Small generator units are powered by air-cooled gasoline engines; they are light in weight and small enough to fit in the trunk of a car. Larger gasoline and diesel models are mounted on trailers for easy towing and positioning on the job. Many are available on skids for mounting on contractor vehicles or on job sites. Liquid propane and natural gas models also are available. Larger units almost always use diesel engines.
Depending on generator model, both single- and three-phase power can be developed; some units permit the use of small tools at the same time the generator is producing three-phase power. Generator packages are designed for specific jobs such as portable light towers including both generator and self-contained fresh air blowers and heaters.
Output of generators used on construction projects varies widely, starting at 4kW and going up to large units producing as much as 5,000kW and higher. Units producing from 50 to 100kW are popular models and come with a variety of features.
“The most important generator features are those that are needed at the moment,” observed Jim Rose, MQ Power director of product management.
There are many variables to consider.
“The primary need is for generators to be flexible in design and to allow for multiple voltage taps and output currents,” Rose continued. “Site requirements can vary and the capability of the power equipment to handle various requirements is also very important. Engine emissions and noise requirements are important considerations, because in some areas, there are very stringent limitations placed on both of these environmental issues.”
Their basic function—producing electrical power—has not changed over the years, but current generator models are more compact, lighter in weight, more powerful for their size, produce cleaner power and have convenience features that make them much easier to use than earlier generations. Current models require little maintenance and provide dependable, trouble-free service without much attention—something equipment users appreciate in any product. Regular maintenance basically is servicing the engine, and new engines are designed to run for longer between oil and filter changes.
The most significant application for today’s generators is to operate computers and other power-sensitive electronic equipment and that requires generators that provide “clean” power.
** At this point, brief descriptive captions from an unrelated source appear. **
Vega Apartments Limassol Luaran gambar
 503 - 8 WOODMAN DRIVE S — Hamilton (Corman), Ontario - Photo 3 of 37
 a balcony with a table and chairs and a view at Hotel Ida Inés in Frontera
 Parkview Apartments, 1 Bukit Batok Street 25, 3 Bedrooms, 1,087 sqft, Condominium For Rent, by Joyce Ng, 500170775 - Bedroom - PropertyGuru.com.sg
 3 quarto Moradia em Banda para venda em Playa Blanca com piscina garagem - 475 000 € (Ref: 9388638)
While tools and lights powered by a generator may be unaffected by slight AC power fluctuations, such variations can interrupt a program in operation, causing data loss or a sudden shutdown. Clean power that comes with a stable, consistent sine wave avoids such problems and reduces the risk of damage to equipment.
Here are observations and tips about today’s generator products from representatives of several generator manufacturers:
Derwin T. Pepper, product manager for Generac Power Systems Inc.’s air-cooled division: “For job site applications, high surge or maximum Watts is probably the No. 1 requirement for meeting the demands put on a generator. Multiple tools connected to the generator will be started and stopped with everything running at once or, worse, all starting at once. The electrical load initially could be far greater than the load placed on the generator when the tools are actually in operation. Automatic idle control saves on fuel when the capacity of the generator is not being fully utilized. Automatic voltage regulation is highly desirable to prevent damage from voltage spikes. It helps maintain a clean power output and reduces the need for line filters which ‘clean’ the generator’s output voltage quality.”
Ray Habic, CEO of Gillette Generators: “Demand for portable generators has increased because of the kW range of products available. Portable power at the household level for security purposes has become extremely active over the last few years. Product improvements include the reduction in size and weight per kW output. Sound levels have been reduced by better engine mufflers and enclosures on some models. Units today must generate clean power, harmonic distortion of power sine wave below 10 percent to not affect microprocessors on electronic equipment.”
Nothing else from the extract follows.